The parliamentary expenses crisis rumbles onwards. After watching the mealy-mouthed Margaret Beckett patronise the British public last night: “You wouldn’t understand why we need to claim so much money because you are so stupid…it’s because we want to sit on stinking great piles of cash paid for by you.” OK, she didn’t say that, but she might as well have said. And then you had Ming The Merciless Campbell justifying his £10,000 refurbishment bill. Heck, if he needed his love pad tarted up, he should have done the decent thing and met the expenses halfway and gone 50/50. But no, we foot the bill…we always will do.
The worrying thing about this is that I am increasingly agreeing with the fucking Conservatives. I find myself nodding along to Tebbit (spit) who says don’t vote Tory at the Euro elections to punish them. And agreeing with Widdiecombe and last night Theresa May. I think that the world has gone mad or at least I have passed into some sort of alternative Bizarro-world multiverse where everything I believe has become perverted and the opposite of what I know.
Some say that it is only money and we shouldn’t complain. But these are supposedly honourable members of parliament who we have trusted with our electoral power. But if we can’t trust them to do their expenses, then how can we trust them to make decisions on our behalf. Massage chairs and home cinema systems come first in this political world.

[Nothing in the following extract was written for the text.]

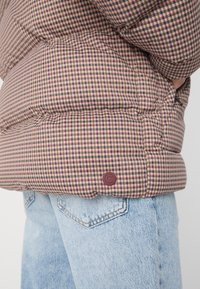 Casaco puffer em padrão xadrez castanho e rosa com um acabamento texturizado. Apresenta um logótipo redondo em bordô na borda inferior.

These people aren’t fit for purpose and are criminals. I will repeat myself again: they are criminals. They have committed fraud and have stolen our money. The rules are clear if you read them. Expenses are for items that will aid their work in parliament and should not be viewed as extravagent or unnecessary by the public. “But we were only following the rules,” they bleat. No, no you were not. Claiming for mortgages you’ve paid, rent that doesn’t exist and generally using the public’s money as your personal investment account is not sticking to the rules.
So we have a political system that is broken. OK, there are many members of parliament who don’t fiddle their expenses and who are blame free, but one rotten apple spoils the barrel. And if they are blameless, they should be judged by their electorate.
I was thinking about this and realised that the Queen should dissolve parliament and we should start again. Clear out the rubbish naturally, by our own hand and try to regain our political trust.
Thankfully, one guy has already started an online vote. I suggest you add your voice to this. Of course, nothing will actually happen but at least you can expend your impotant rage with a mouse click. It is either that or we join together and reclaim parliament by force.
Who’s got the AK47s????
« Censorship Hits Supermarket Shelves EchoNET – First Review! »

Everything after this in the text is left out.